Turn off all of the lights in your home and close any blinds. Make the room as dark as possible. Take a flashlight and place it on the floor horizontally. Slowly rotate the flashlight like a lighthouse until you find the contact lens.
If you've tried everything else and still haven't succeeded, it's time to try our final option: the vacuum method!
5. Use a nylon vacuum
Wrapping a nylon sock, pantyhose, or other material around the nozzle of a vacuum is a good trick for finding small objects lost in the carpet. When you turn on the vacuum, the suction will continue to work, but the lens will not be sucked into the vacuum.
Move the nozzle slowly over the area where you dropped the contact lens. Then, check the socks or pantyhose to see if the contact lens is still attached to them.
You may have to go over a lot before you succeed. It's time to broaden your search parameters at this point. Contact lenses are light and can fall far from where you are standing.
Step Two: Clean Your Contact Lens
If everything went as planned, one of our contact search steps was successful, and you've found your lens! But what now? Your lens could have come into contact with something noxious on the floor. Here's what you need to do to get that lens back in working order:
1. Examine for Damage
Examine your contact lenses for any visible damage. Once you've found the contact lens, take it into a well-lit area and examine it under a bright light. Flip the lens over to look at both sides. Examine the surface for any cracks or tears. You may have cracked or torn your lens if you stepped on it. If the lens is damaged, do not attempt to insert it because it may cause eye irritation. Wear your glasses or replace them with a new lens.
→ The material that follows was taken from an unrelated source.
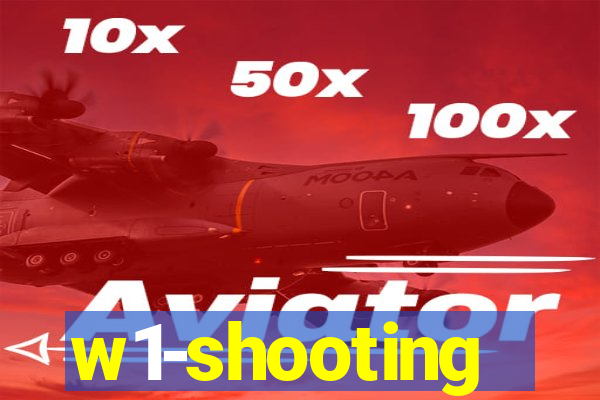 w1-shooting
2. Clean Your Contact Lens
After that, clean your contacts. After you've ensured that your contact lens is free of damage, you'll need to clean it. You wouldn't put anything in your eye that could contain bacteria or debris, would you? Squeeze the solution onto the lens and rub it in your palm.
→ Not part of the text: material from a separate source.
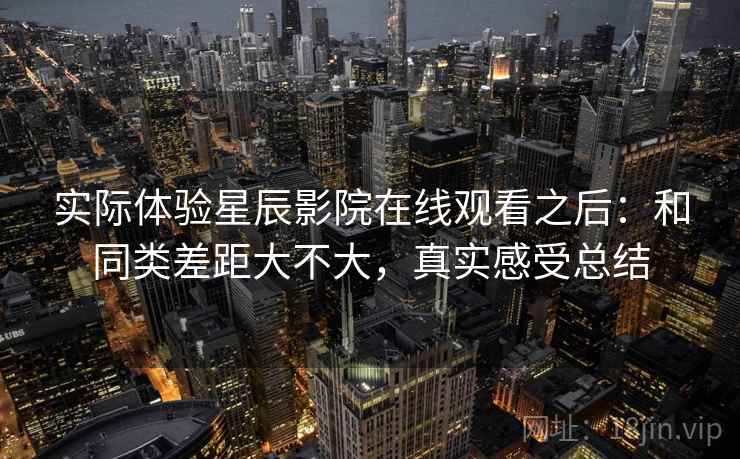 实际体验星辰影院在线观看之后：和同类差距大不大，真实感受总结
If possible, disinfect your contact by placing it in a solution-filled case overnight. If you need to put your lens back in your eye right away, thoroughly wash it with a solution before inserting it.
Do not clean your contact lenses with saliva or tap water. Bacteria in these liquids can cause eye infections. To clean your contact lenses, only use a contact solution. Nothing else will do. Contact lens cleaning with anything other than solution can cause eye infections, including rare but serious acanthamoeba keratitis.
3. Be prepared when going out
When going out, make sure you're prepared. When you go out, you should be prepared in case a contact drops out. Always keep your glasses, spare lenses, and solution on hand.